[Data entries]
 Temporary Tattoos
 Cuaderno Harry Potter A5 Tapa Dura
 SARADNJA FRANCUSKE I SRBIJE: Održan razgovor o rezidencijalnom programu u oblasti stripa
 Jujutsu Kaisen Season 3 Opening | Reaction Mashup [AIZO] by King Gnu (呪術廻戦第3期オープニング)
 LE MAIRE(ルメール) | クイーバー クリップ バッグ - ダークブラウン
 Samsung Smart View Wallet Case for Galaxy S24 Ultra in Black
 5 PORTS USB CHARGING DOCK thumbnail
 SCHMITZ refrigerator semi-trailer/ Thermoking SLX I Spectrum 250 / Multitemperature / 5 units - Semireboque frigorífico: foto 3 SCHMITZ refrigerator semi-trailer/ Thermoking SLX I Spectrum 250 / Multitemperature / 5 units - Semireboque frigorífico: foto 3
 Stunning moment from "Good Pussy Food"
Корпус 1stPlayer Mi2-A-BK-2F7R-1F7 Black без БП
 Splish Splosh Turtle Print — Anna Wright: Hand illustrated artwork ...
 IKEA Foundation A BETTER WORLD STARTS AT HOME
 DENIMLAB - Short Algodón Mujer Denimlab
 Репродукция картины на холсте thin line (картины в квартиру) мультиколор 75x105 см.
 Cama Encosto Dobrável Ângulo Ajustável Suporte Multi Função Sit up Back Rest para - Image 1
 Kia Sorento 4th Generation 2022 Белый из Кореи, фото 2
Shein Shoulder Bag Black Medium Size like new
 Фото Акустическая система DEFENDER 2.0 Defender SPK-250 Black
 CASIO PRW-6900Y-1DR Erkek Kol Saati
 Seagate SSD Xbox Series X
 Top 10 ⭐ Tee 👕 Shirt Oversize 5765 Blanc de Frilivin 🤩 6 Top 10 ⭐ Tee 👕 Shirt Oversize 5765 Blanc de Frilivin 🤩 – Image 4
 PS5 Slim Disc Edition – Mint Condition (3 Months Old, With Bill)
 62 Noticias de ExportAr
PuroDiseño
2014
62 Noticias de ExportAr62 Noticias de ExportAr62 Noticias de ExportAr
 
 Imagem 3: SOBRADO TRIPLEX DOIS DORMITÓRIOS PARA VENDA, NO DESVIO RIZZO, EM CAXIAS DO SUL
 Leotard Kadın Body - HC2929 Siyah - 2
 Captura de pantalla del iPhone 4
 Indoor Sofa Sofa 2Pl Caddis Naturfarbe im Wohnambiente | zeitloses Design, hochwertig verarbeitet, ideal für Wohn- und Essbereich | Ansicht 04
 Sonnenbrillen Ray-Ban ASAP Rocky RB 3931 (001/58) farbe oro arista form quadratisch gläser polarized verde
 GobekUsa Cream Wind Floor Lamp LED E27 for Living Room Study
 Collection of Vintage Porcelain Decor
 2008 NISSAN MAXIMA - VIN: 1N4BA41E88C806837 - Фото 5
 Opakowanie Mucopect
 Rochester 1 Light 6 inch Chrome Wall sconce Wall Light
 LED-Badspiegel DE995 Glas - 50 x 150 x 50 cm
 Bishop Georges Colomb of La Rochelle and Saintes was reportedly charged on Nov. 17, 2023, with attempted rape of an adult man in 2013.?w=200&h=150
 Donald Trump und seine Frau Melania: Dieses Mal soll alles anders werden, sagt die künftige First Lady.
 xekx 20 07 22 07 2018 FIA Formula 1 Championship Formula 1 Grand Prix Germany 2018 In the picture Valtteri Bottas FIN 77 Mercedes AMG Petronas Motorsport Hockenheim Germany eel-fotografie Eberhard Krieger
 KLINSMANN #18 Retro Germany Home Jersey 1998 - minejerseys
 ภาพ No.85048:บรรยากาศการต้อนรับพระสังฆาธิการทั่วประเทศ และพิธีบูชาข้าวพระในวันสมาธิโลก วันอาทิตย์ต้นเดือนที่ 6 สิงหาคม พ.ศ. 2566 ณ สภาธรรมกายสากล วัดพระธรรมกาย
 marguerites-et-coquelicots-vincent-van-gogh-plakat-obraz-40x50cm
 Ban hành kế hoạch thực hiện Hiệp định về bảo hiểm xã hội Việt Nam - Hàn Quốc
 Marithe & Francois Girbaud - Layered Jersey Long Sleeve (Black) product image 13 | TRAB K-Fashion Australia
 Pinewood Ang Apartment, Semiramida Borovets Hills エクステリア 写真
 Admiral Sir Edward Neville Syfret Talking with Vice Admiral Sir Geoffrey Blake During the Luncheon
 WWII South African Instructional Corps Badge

**Work to complete**. Look through the data above and return exactly the lines from the one that contains "foto 3 SCHMITZ" to the one that contains "Frilivin 🤩 – Image 4", inclusive, with nothing else.

**Solution for this problem**.
 SCHMITZ refrigerator semi-trailer/ Thermoking SLX I Spectrum 250 / Multitemperature / 5 units - Semireboque frigorífico: foto 3 SCHMITZ refrigerator semi-trailer/ Thermoking SLX I Spectrum 250 / Multitemperature / 5 units - Semireboque frigorífico: foto 3
 Stunning moment from "Good Pussy Food"
Корпус 1stPlayer Mi2-A-BK-2F7R-1F7 Black без БП
 Splish Splosh Turtle Print — Anna Wright: Hand illustrated artwork ...
 IKEA Foundation A BETTER WORLD STARTS AT HOME
 DENIMLAB - Short Algodón Mujer Denimlab
 Репродукция картины на холсте thin line (картины в квартиру) мультиколор 75x105 см.
 Cama Encosto Dobrável Ângulo Ajustável Suporte Multi Função Sit up Back Rest para - Image 1
 Kia Sorento 4th Generation 2022 Белый из Кореи, фото 2
Shein Shoulder Bag Black Medium Size like new
 Фото Акустическая система DEFENDER 2.0 Defender SPK-250 Black
 CASIO PRW-6900Y-1DR Erkek Kol Saati
 Seagate SSD Xbox Series X
 Top 10 ⭐ Tee 👕 Shirt Oversize 5765 Blanc de Frilivin 🤩 6 Top 10 ⭐ Tee 👕 Shirt Oversize 5765 Blanc de Frilivin 🤩 – Image 4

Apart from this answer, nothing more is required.